Armi all’Ucraina, Draghi cade il 21 giugno? Chi sono i partiti pro e contro

Chissà se Mario Draghi in queste settimane in cui è aumentato il pressing di parte della sua maggioranza per un confronto parlamentare sul tema della fornitura di armi all’Ucraina, ha mai riflettuto su quella che è una vecchia massima della boxe: sul ring puoi girare intorno all’avversario tutto il tempo che vuoi, ma alla fine arriverà il momento in cui lo dovrai affrontare.

Dallo scorso 31 marzo, giorno in cui il Senato ha approvato in maniera definitiva il decreto Ucraina che contiene anche il delicato passaggio dell’invio di armi a Kiev, Draghi annusata l’aria che tira all’interno della sua maggioranza ha dribblato come un Garrincha dei bei tempi ogni possibile voto parlamentare sul tema.

Del resto sia al Senato sia in precedenza alla Camera, per evitare possibili sorprese l’esecutivo ha deciso di ricorrere al voto di fiducia: nonostante la maggioranza extra large su cui può contare, questa pratica ormai è diventata una prassi per il “governo dei migliori”.

Il prossimo 21 giugno però Mario Draghi sarà a Palazzo Madama per le comunicazioni in vista del Consiglio europeo, replicando poi il giorno dopo alla Camera. In quest’occasione l’Aula sarà chiamata al voto sulla risoluzione della maggioranza.

Un passaggio questo molto delicato, che arriverà poco dopo il voto delle amministrative tanto che un volpone della politica come il ministro Giancarlo Giorgetti non ha potuto far altro che ammettere come quello del 21 giugno sia “un passaggio rischioso per Draghi”, con il governo che sarebbe “a rischio”.

Draghi, i partiti e il voto del 21 giugno

In vista del voto del 21 giugno, in merito all’invio di armi in Ucraina si devono fare due premesse necessarie: per prima cosa c’è da considerare che con le elezioni amministrative di mezzo tutto può cambiare da qui a due settimane all’interno delle varie forze politiche, poi c’è da capire cosa ci sarà scritto nella risoluzione di maggioranza.

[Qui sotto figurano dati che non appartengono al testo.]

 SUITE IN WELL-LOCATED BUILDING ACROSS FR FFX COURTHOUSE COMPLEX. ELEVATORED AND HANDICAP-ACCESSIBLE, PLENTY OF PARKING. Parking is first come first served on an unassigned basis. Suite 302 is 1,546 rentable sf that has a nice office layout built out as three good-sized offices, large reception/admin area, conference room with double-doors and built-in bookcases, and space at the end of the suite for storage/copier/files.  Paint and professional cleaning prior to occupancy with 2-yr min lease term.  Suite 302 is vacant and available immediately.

Due dettagli questi di non poco conto. Giusto per fare qualche esempio, una debacle alle urne potrebbe spingere Matteo Salvini a forzare la mano in una sorta di Papeete-bis, mentre una risoluzione più cauta sul tema delle armi potrebbe spingere il Movimento 5 Stelle a deporre momentaneamente l’ascia di guerra.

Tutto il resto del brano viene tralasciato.